Plaatsen/monteren
De montage en de installatie van het apparaat dient uitsluitend door een
vakman te worden uitgevoerd die vertrouwd is met de gevaren en relevante
voorschriften. Onderhoud, bediening en ingebruikname van dit product mag
alleen gedaan worden door personen die adequaat gekwalificeerd zijn.
Houd er bij de keuze voor een montageplaats voor uw apparaat rekening mee
dat schokken, trillingen, stof, koude, hitte en vochtigheid vermeden moeten
worden. Bovendien mogen zich geen sterke transformatoren of motoren in de
buurt van het apparaat bevinden.
Het apparaat moet zo geïnstalleerd worden dat er geen personen met hun
handen bij kunnen.
Verlichte voorwerpen moeten ten minste 0,5 m van de lichtuitgang van het
apparaat verwijderd zijn.
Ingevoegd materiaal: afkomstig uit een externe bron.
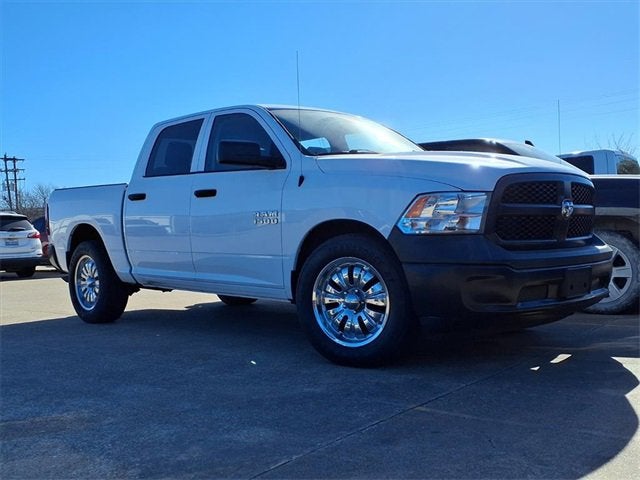 2018 RAM 1500 Tradesman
Licht ontvlambare materialen zoals bijv. decoratieve
stoffen moeten eveneens op minstens 0,5 m afstand van het apparaat blijven.
Anders bestaat er brandgevaar!
Zorg ervoor, dat de kabel bij de montage van het product niet wordt afgekneld
of door scherpe randen wordt beschadigd.
Tijdens montage- en servicewerkzaamheden dient de omgeving onder de
montageplaats te zijn afgezet.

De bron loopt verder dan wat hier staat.